Em um mercado em equilíbrio, os preços devem ser suficientes para cobrir os custos fixos e variáveis dos geradores. Se o preço não recuperar os custos fixos, investidores não construirão novas usinas, ou usinas em operação serão desativadas por desequilíbrio econômico-financeiro e um aumento de demanda (em relação à oferta) elevará esse mesmo preço. Por outro lado, se o preço fornecer mais renda que o necessário, novos investidores construirão usinas para se apropriar desta renda, o que aumentará a oferta e o preço cairá.
Outro aspecto relacionado a incentivos econômicos é a resposta da demanda ao preço. Reduzir o teto de preço na marreta significa transferir os custos de geração por outras formas menos eficientes – no caso, via encargo de serviço de sistema. Ao se perder o sinal da escassez dos recursos, o consumo é mantido e, consequentemente, a necessidade da geração com preços elevados. Assim, reduzir o limite de preço de curto prazo não significa diminuir o custo, mas somente a sua forma de alocação.

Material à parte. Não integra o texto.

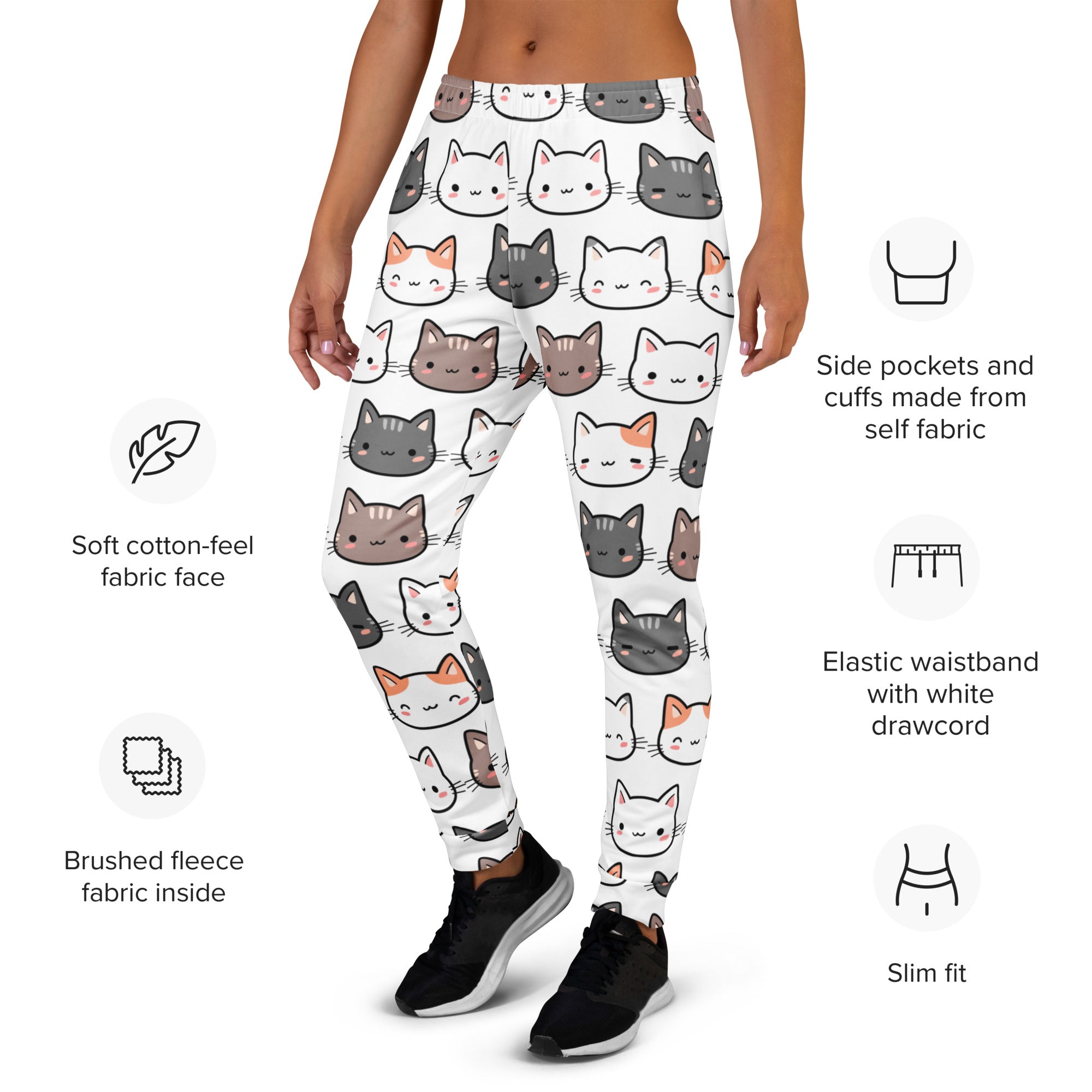 White leggings with colorful cartoon cat pattern made from cozy brushed inside fleece with pockets for women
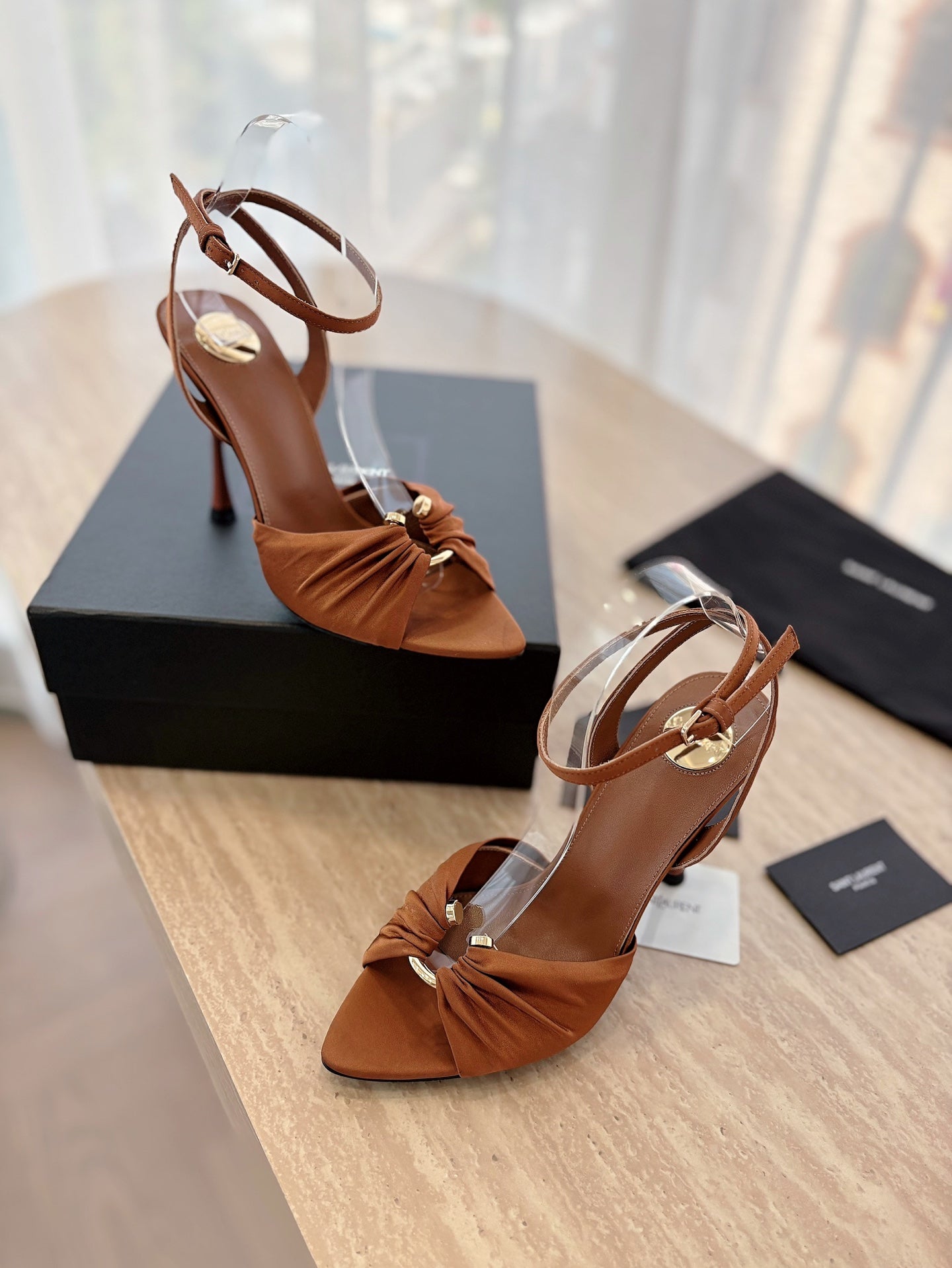 LOUIS VUITTON LOLA SANDAL 10 CM IN BRONZE BROWN VISCOSE AND SILK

No mercado livre, os consumidores – mesmo contratados – percebem os sinais de preços de curto prazo e são capazes de reagir, reduzindo seu consumo em momentos de escassez (preços elevados) e aumentando sua carga em momentos de abundância de recursos (preços baixos).
A resposta da demanda é um instrumento valioso à disposição do setor elétrico brasileiro e de seus consumidores, capaz de alinhar os objetivos de segurança e confiabilidade do abastecimento com a modicidade de preços e tarifas estabelecida em Lei, tornando-se uma aliada do regulador, operador e governo.
A questão da marretada do PLD está sendo discutida há algum tempo no setor como uma solução pragmática para as circunstâncias atuais, sendo que muitos repetem acriticamente, sem demonstrar a máxima que o preço elevado no mercado livre beneficia a um conjunto pequeno de agentes em detrimento do consumidor de energia elétrica. A decisão a ser tomada pela Aneel sobre os limites do PLD não deve ser contaminada pela situação conjuntural de exposição de alguns agentes, mas, sim, pelos fundamentos estruturais do setor, privilegiando a contratação de energia e os sinais econômicos para agentes, consumidores e investidores. Será que no período eleitoral que estamos vivendo, no qual o marketing político tem prevalecido sobre o fundamento das questões, também vai prevalecer na formação do preço da energia elétrica o falso argumento repetido mil vezes? 
Por essa razão, sempre defendi a independência da Aneel para que a Agência tome decisões consistentes e coerentes em favor dos consumidores no longo prazo e não se renda as circunstâncias do momento.